The Guardian Australia was no better:
“The Great Barrier Reef will suffer ‘irreversible’ damage by 2030 unless radical
action is taken to lower carbon emissions, a stark new report has warned,” it
reported.
“Co-author Ove Hoegh-Guldberg, director of the Global Change Institute at the
University of Queensland, (said) that current climate trends signal ‘game over’ for
the Great Barrier Reef.”
Like I said, Hoegh-Guldberg has a gift for the snappy line.

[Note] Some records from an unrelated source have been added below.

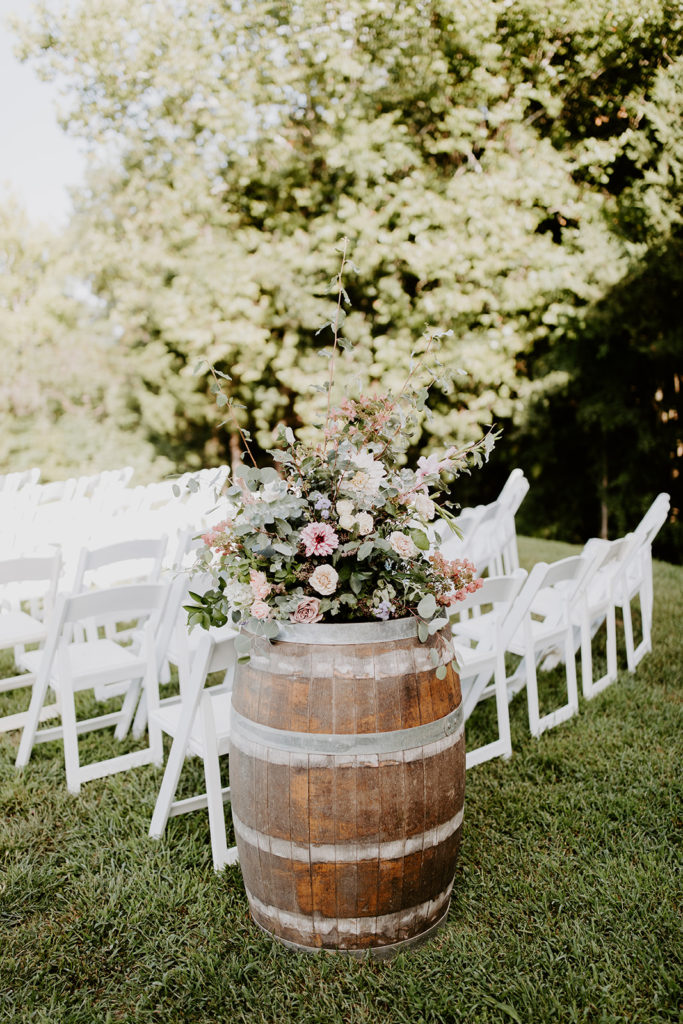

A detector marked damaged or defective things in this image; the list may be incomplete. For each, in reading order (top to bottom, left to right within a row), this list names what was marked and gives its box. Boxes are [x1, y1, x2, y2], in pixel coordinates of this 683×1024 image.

rusted barrel surface [229, 614, 464, 958] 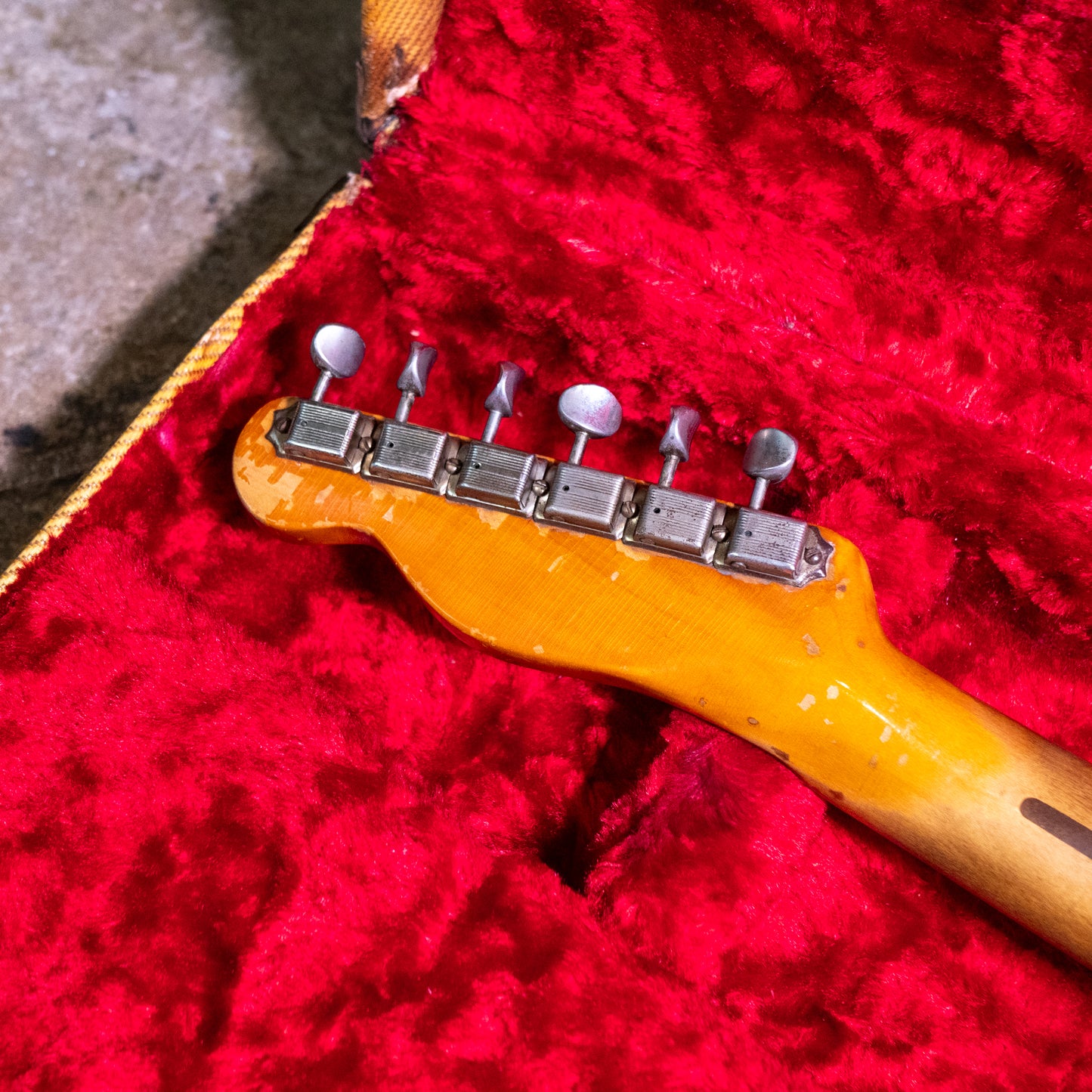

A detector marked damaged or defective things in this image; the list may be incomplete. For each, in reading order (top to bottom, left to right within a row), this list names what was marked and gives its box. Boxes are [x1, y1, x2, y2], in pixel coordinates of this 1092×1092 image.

chipped lacquer finish [239, 399, 1092, 965] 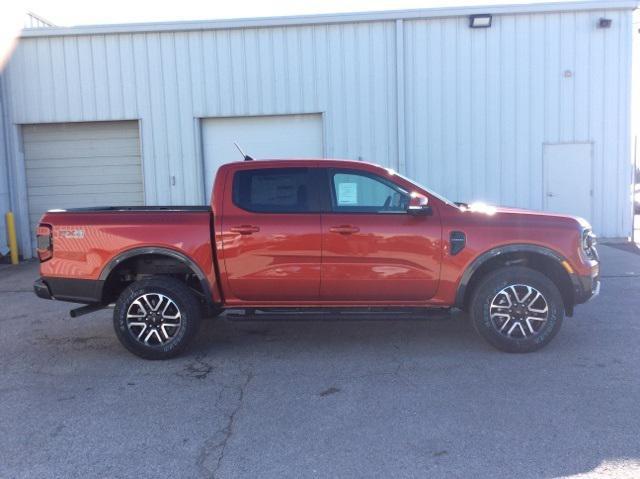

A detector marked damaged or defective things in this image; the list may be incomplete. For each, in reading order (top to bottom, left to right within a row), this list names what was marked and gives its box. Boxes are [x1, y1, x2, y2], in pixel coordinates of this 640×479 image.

pavement crack [196, 370, 254, 478]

But none of last week’s reports bothered to add that he also has a lousy track
record in scaremongering.
What does it say about media reporting of global warming that almost no
journalist ever mentions it?
In 1998, Hoegh-Guldberg warned the reef was under pressure from global
warming, and much had been bleached white.
In fact, he later admitted the reef made a “surprising” recovery.

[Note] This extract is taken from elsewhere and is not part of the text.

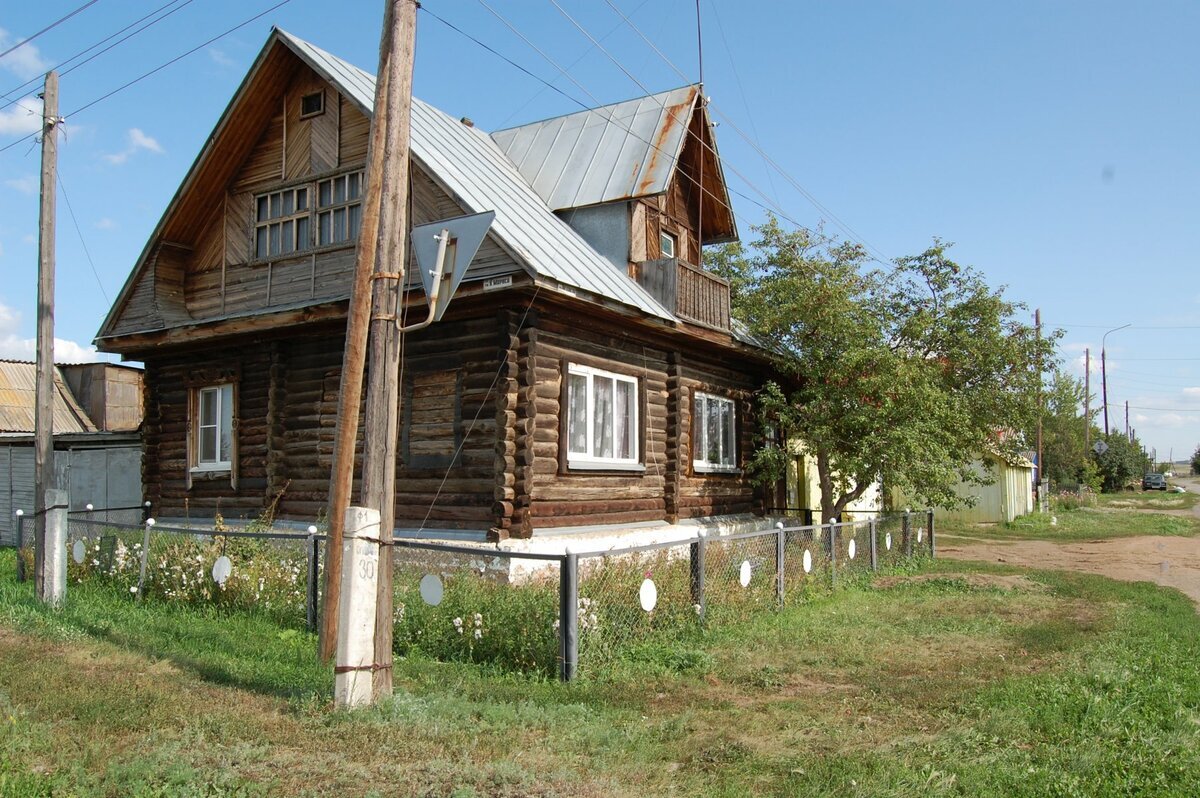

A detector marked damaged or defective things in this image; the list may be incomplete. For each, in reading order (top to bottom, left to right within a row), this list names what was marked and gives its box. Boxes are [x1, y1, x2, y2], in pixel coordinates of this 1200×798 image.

rusty metal roof of shed [276, 30, 681, 324]
rusty metal roof of shed [489, 87, 700, 211]
rusty metal roof of shed [0, 360, 96, 436]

In 1999, Hoegh-Guldberg claimed warming would so heat the oceans that mass
bleaching of the reef would occur every second year from 2010.

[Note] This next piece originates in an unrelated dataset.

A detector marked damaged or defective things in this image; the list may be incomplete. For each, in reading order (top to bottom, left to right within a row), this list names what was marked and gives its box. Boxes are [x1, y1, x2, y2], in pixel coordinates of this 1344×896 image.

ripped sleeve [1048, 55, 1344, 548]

In fact, the reef’s last mass bleaching occurred in 2006.
In 2000, Hoegh-Guldberg claimed “we now have more evidence that corals
cannot fully recover from bleaching episodes such as the major event in 1998”
and “the overall damage is irreparable”.
In fact, he admitted in 2009 he was “overjoyed” to see how much the reef had
recovered and the Australian Institute of Marine Science says “most reefs
recovered fully” from the 1998 bleaching.
Indeed, an AIMS study found the previous 110 years of ocean warming were
good for coral growth.
In 2006, Hoegh-Guldberg warned high temperatures meant “between 30 and 40
per cent of coral on Queensland’s Great Barrier Reef could die within a month”.
In fact, he later admitted this bleaching had “a minimal impact” and his team was
“genuinely surprised/relieved about how quickly some of these coral colonies had
recovered”. In 2007, he warned temperature changes were again bleaching the
reef.
In fact, the Global Coral Reef Monitoring Network the next year reported no net
decline in coral cover over the previous four years.
Professor Peter Ridd, a James Cook University reef researcher, insisted the reef
was in “bloody brilliant shape” and said unnamed scientists were “crying wolf” —
and getting funding.
In 2011, Hoegh-Guldberg predicted a “large-scale mortality” of reef-building
corals on West Australian reefs from Shark Bay to Exmouth within three months.
In fact, he later admitted the famous Ningaloo Reef, the largest there, had actually
“had a narrow escape”.
Yes, the Great Barrier Reef can be damaged by seas made suddenly warm, giving
coral no time to adapt.
But Hoegh-Guldberg seems to have repeatedly underestimated coral’s ability to
adapt — which is one reason the reef has already survived 15,000 years in its
present form.
Just last December, the Great Barrier Reef Marine Park Authority noted a bloom in
coral growths since the devastation caused by Cyclone Yasi three years ago, with
“quite good recovery” in fast-growing species particularly. (And, no, global
warming hasn’t caused more cyclones but, if anything, fewer.)
Yet, here comes Hoegh-Guldberg again, shouting: “Repent! For the end of the
reef is nigh!”
And see the journalists trailing behind their messiah, questioning nothing,
repeating everything.
How much of the warming scare is built on such “reporting”?